Throughout my 20s and most of my 30s, I had a gray cat named Andy Garcia. Andy was half-feral, and I had named him after the crazy look that Andy Garcia has in his eyes in The Godfather Part III. He was crazy, but he was my friend. The only time he was ever consistently docile was toward the end of his life when he was very sick. A friend who had known him years before visited my house at that time and remarked on his gentleness. We both knew he wasn’t long for this world, and in fact he died that week. I have a photograph in which I’m leaning down to place my head close to Andy’s, and the punctum for me in that one is that my eyes look very bright and very blue, but I know they look that way because I’ve just been crying.
Here’s another possible entry point. In my last post about guiding questions, I included this picture of Julian Sands from A Room with a View.
This was two months before Sands went missing in the California mountains. I’m thinking now about how the image of Julian Sands as George Emerson in A Room with a View carries so much meaning for many people in my peer group (sensitive/literary Gen X types). In the film and in Forster’s novel, George Emerson represented the individual’s search for truth and a commitment to not bowing to social convention and compromising what one feels to be true. This was also one of the first movies I saw with my college boyfriend, and when I think of it now, I think of the trajectory of a life— the newness of youth and then what comes after, and also the way that former boyfriend and I both would and wouldn’t recognize each other if we met again. Sands and this character and the memory of seeing this movie are a sort of crux moment for me, a tangle I could dive into and explore for the energy it holds. And I know that if I did so, I’d have to stop at some point and ask myself what my guiding question really was, how I might narrow it down to fit in one essay …

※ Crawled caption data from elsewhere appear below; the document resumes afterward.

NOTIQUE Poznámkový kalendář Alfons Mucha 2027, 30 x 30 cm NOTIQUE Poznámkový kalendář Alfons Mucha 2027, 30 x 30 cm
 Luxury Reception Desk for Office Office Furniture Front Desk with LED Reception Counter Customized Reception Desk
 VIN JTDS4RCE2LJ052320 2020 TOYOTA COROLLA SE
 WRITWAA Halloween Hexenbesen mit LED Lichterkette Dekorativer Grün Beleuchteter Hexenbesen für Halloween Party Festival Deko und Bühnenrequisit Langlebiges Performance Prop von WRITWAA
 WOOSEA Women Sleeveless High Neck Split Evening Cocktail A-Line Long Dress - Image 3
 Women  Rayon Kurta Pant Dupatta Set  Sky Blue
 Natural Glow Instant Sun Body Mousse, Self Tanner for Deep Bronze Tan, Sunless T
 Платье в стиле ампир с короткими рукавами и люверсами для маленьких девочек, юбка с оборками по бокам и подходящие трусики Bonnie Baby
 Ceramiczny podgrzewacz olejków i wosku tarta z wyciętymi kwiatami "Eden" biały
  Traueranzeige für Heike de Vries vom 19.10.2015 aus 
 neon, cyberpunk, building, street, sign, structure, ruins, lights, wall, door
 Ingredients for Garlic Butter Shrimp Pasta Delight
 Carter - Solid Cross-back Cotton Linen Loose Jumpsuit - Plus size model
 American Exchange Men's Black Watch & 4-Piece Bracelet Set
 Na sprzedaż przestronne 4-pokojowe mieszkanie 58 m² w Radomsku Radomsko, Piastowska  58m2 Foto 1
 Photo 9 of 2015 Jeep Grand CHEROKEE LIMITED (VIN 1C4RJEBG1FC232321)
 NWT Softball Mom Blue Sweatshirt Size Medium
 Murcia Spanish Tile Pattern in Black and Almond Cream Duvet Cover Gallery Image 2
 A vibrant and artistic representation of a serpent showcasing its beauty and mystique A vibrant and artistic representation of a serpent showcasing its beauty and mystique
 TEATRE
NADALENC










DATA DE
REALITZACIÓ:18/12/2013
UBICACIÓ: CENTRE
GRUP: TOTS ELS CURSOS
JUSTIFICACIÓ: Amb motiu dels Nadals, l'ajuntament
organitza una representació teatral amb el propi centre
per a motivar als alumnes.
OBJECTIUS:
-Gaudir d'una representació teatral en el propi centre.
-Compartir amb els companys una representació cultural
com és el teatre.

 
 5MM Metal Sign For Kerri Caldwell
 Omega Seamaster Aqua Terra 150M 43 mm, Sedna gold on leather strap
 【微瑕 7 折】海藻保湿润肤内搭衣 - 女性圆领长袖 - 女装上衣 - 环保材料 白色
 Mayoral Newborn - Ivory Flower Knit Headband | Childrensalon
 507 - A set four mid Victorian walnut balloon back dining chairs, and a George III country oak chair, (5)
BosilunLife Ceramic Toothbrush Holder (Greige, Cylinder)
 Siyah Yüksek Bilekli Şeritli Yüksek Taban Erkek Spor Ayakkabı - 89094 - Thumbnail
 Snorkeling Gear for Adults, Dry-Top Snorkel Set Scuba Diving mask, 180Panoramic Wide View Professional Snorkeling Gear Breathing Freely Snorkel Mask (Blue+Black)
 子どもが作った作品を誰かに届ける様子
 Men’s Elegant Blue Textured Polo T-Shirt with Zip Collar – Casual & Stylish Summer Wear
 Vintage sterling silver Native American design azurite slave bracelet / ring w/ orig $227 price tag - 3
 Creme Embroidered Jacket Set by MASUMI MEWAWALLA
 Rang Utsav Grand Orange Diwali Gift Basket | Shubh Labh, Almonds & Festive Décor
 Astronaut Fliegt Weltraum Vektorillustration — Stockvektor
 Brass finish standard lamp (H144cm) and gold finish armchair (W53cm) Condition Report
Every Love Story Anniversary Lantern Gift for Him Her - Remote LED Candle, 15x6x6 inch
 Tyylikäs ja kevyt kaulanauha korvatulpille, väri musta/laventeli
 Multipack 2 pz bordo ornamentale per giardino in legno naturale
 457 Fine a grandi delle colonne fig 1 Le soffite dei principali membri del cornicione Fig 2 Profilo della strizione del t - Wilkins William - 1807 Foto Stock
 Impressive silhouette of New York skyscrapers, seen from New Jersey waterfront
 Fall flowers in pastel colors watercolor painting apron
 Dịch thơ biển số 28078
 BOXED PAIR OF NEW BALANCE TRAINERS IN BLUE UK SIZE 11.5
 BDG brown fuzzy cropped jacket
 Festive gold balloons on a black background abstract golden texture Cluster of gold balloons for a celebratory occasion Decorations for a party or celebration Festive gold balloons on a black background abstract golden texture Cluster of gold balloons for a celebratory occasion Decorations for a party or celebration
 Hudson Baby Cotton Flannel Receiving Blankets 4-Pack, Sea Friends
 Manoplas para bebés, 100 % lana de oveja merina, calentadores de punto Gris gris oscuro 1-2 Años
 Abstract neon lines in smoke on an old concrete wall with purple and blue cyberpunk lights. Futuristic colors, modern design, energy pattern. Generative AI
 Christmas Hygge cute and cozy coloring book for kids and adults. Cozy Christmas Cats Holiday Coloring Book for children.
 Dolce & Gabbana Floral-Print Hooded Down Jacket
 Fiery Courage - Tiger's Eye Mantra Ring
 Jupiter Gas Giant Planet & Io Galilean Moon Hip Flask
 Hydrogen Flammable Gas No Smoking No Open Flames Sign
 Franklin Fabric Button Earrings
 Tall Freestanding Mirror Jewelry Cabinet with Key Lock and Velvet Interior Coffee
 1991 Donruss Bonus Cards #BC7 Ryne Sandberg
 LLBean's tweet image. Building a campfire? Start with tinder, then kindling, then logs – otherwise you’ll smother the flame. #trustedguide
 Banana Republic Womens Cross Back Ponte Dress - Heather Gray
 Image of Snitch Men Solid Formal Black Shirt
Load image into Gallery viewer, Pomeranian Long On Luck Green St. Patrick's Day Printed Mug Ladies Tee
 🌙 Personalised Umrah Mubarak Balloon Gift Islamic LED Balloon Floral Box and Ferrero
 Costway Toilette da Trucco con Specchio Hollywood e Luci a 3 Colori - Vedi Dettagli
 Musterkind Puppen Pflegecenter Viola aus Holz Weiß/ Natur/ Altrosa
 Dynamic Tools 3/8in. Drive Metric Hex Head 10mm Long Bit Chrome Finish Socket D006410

So, here are some questions for you:
What are some of your crux moments? Can you think of a moment or image that stays with you that could be an entry point into an exploration in essay form? What about a detail from a photograph or an experience of seeing a film or performance?
Do you have any drafts that might click into place if you take a step back and ask yourself what your “guiding question” is, and revise with it in mind?
This is really helpful. I’m now wondering if I can impose a ‘guiding question’ from elsewhere (like a submission theme) onto previously written relevant drafts to bring them together and reshape them into something slightly different to fit the theme better?
That question mark on the back of the painting in the pensione gets me every time!